Home > mailing lists

Re: pg_publication_tables: return NULL attnames when no column list is specified - Mailing list pgsql-hackers

From	Roberto Mello
Subject	Re: pg_publication_tables: return NULL attnames when no column list is specified
Date	April 1 00:54:51
Msg-id	CAKz==b+30jUre6sZE85=afnn66FaQ926=4M1YobfsKoCJ=Mb+g@mail.gmail.com Whole thread
In response to	Re: pg_publication_tables: return NULL attnames when no column list is specified (Amit Kapila <amit.kapila16@gmail.com>)
List	pgsql-hackers

Tree view

On Tue, Mar 31, 2026 at 2:38 AM Amit Kapila <amit.kapila16@gmail.com> wrote:

On Tue, Mar 31, 2026 at 12:02 AM Roberto Mello <roberto.mello@gmail.com> wrote:
>
> The subscriber receives WAL from both publications for the same table.
> Which column set should it apply?
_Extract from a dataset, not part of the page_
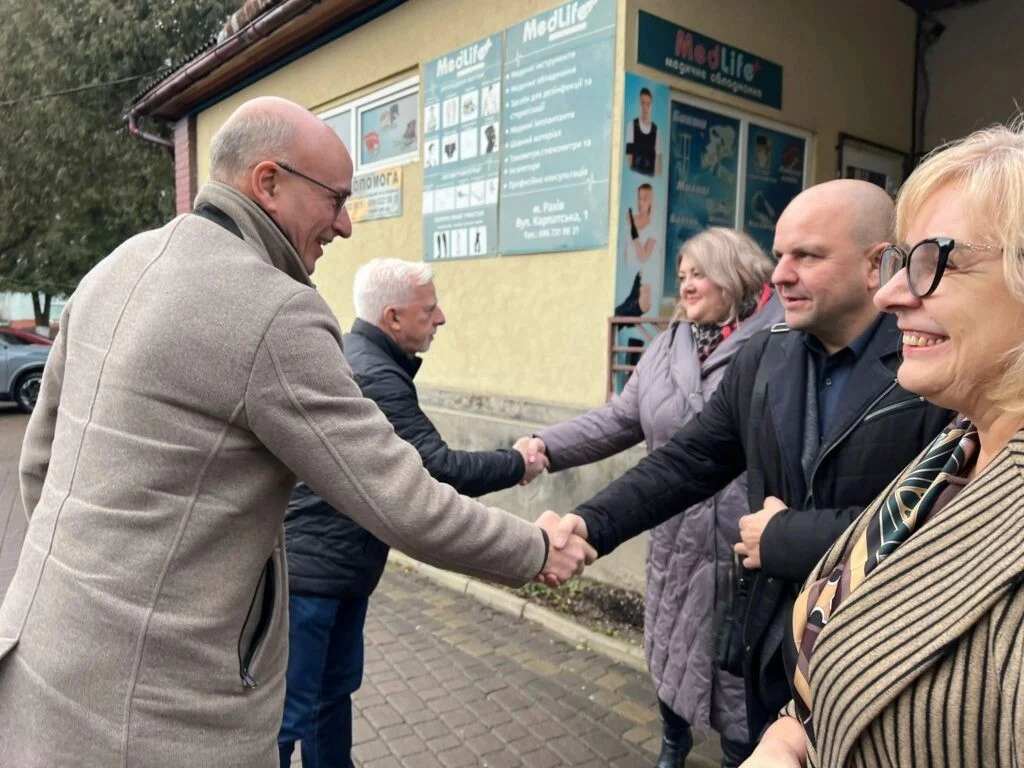 Міжнародні меценати відвідали Рахів та підтримали розвиток реабілітації для військових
It cannot apply both as they disagree on
> whether email is included. This is exactly the situation the "cannot use
> different column lists" check was designed to prevent.
>

I think we need to consider the cases where current permissive
behavior helps. For example, consider the cases where the schema is

I'm sorry but you completely dismissed the points that I brought up, addressing

none of the concerns, and went on a tangent about "permissive behavior".
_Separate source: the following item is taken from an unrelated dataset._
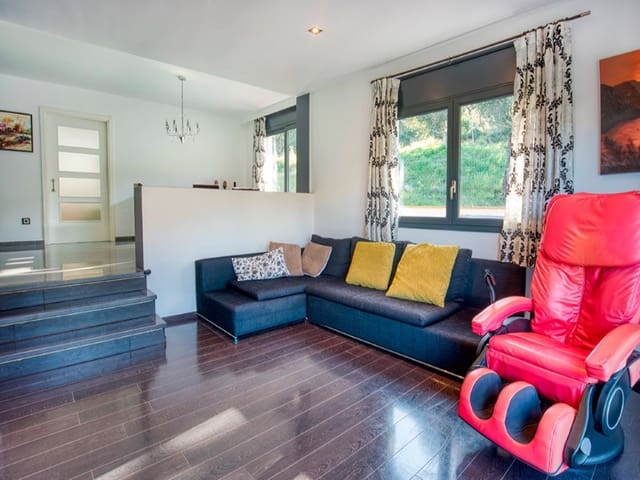 4 chambre Villa/Maison à vendre à Platja d'Aro, Castell-Platja d'Aro avec piscine garage - 749 000 € (Ref: 5122214)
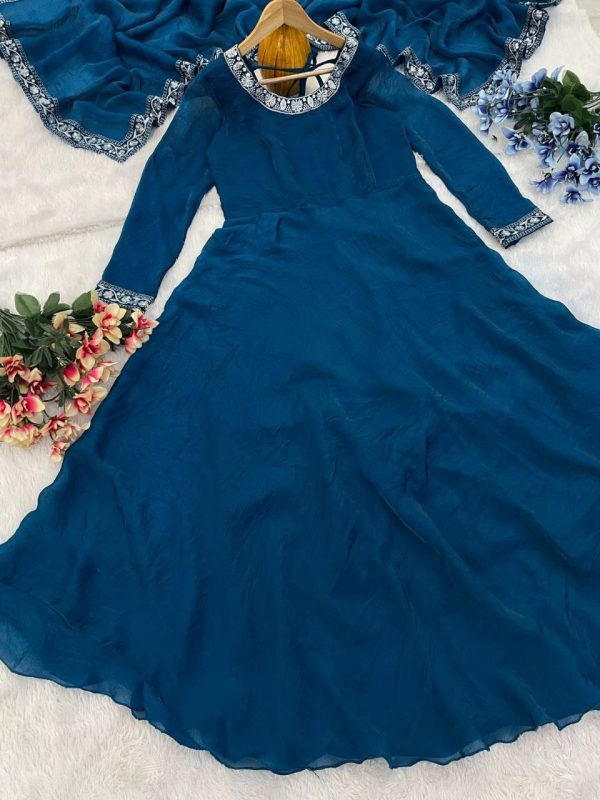 KALEESHA FAB YD 023 C EXCLUSIVE PARTY WEAR GOWN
Permissive behavior is fine and dandy until it bites you in the @$$, and there's

a line where permissive is wrong, bad, or dangerous. I pointed out why I think

the current behavior is wrong, potentially dangerous. MySQL is king of permissive

behavior but I don't think that's much to brag about. PostgreSQL historically

favored correctness over permissiveness.

The deeper issue is that the "permissive" behavior isn't actually permissive: it's
silently inconsistent. The two publications have different replication contracts stored

in the catalog (prattrs = NULL vs prattrs = {1,2}), and pgoutput.c honors that difference

at WAL decode time. The old code just hid the difference from the check that was

supposed to detect it.

static. Now let us consider another case where a user would actually
need to define such publication combinations for a subscription. One
of the more common ways this conflict happens is accidental: User has
pub_1 for TABLE t (col1, col2). User later decides to replicate the
entire database to a new subscription and creates pub_2 FOR ALL
TABLES. User adds pub_2 to the subscription. Currently, the user can
add pub_2 and then later realize they need to drop pub_1 to clean

How would they "realize" that if the view is showing them the exact

same data for the two publications?

things up. If ALTER SUBSCRIPTION blocks this, the user is stuck in a
Catch-22 where they can't add the "All Tables" publication because a
single specific table has a column list. They would have to drop the
specific publication first, potentially losing replication coverage
for that table during the gap.

I don't think it actually traps the user. The sequence that works today and

would continue to work:

-- Starting from sub has pub_1 with explicit column list
ALTER PUBLICATION pub_1 DROP TABLE t; -- on publisher
ALTER SUBSCRIPTION sub REFRESH PUBLICATION; -- on subscriber
-- Now add pub_2 FOR ALL TABLES
ALTER SUBSCRIPTION sub ADD PUBLICATION pub_2;

Or even simpler, just drop the column list from pub_1 before adding pub_2:

ALTER PUBLICATION pub_1 SET TABLE t; -- removes the column list
ALTER SUBSCRIPTION sub ADD PUBLICATION pub_2;

There's no gap in replication coverage in either case because the subscription is still

active throughout. The table remains subscribed via pub_1 until pub_2 takes over.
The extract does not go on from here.